Crawford adopted the nickname in January last year when he raced a giraffe and a zebra in a "Man versus Beast" show on Fox Television. He beat the giraffe but then lost to the zebra. His muscles having tightened while being kept waiting around for 12 hours by the television crew at a track in University City, California, Crawford insists he could win a rematch. "Tell the zebra I coulda whopped him."
It is Crawford who is the two-legged opponent most likely to whop the home hero when the track-and-field programme gets under way in the Athens Olympics. Konstantinos Kenteris has won the last three major championship 200m competitions he has contested and is unbeaten since 2001. His best time this year, though, is 20.24sec. Crawford has run 19.88, 19.99 and 20.00. He is also the world's fastest man this year at 100m, having clocked a scorching 9.88 while beating Maurice Greene in the Prefontaine Classic in Eugene in June.
Crawford boasted a high-class pedigree prior to 2004 - with a world indoor 200m title and a World Championships 200m bronze medal from 2001 - but he has stepped up a significant gear since moving to Raleigh, North Carolina, last November to work with Trevor Graham, the sprint coach who has emerged as a pivotal figure in the US doping affair.
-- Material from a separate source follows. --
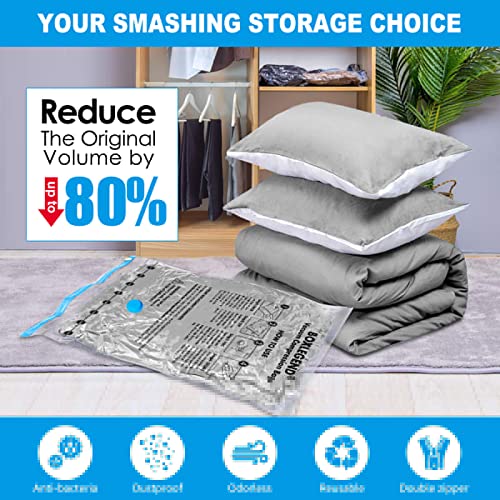 BoxLegend Vacuum Storage Bags 6 Packs Space Saving Vacuum Pack Storage Bags 3 Large 80x60cm+3 Medium 70x50cm Double Zip Seal & Leak Valve Reusable for Clothes Pillow Comforters Bedding - Image 2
In a memo leaked to the San Francisco Chronicle two weeks ago, Graham admitted to Inland Revenue Service agents he was the "mystery" coach who launched the investiga-tion into the activities of the Bay Area Laboratory Co-Operative by sending a syringe containing the as-yet unknown and undetectable "designer" steroid tetrahydrogestrinone to the US Anti-Doping Agency.
According to an interview given by C J Hunter to the IRS, and to testimony given by Tim Montgomery to a federal grand jury hearing, Graham was also responsible for supplying illegal performance-enhancing drugs to his training group, which formerly included both Jones and Montgomery - an accusation the Jamaican and his lawyer strenuously rebut.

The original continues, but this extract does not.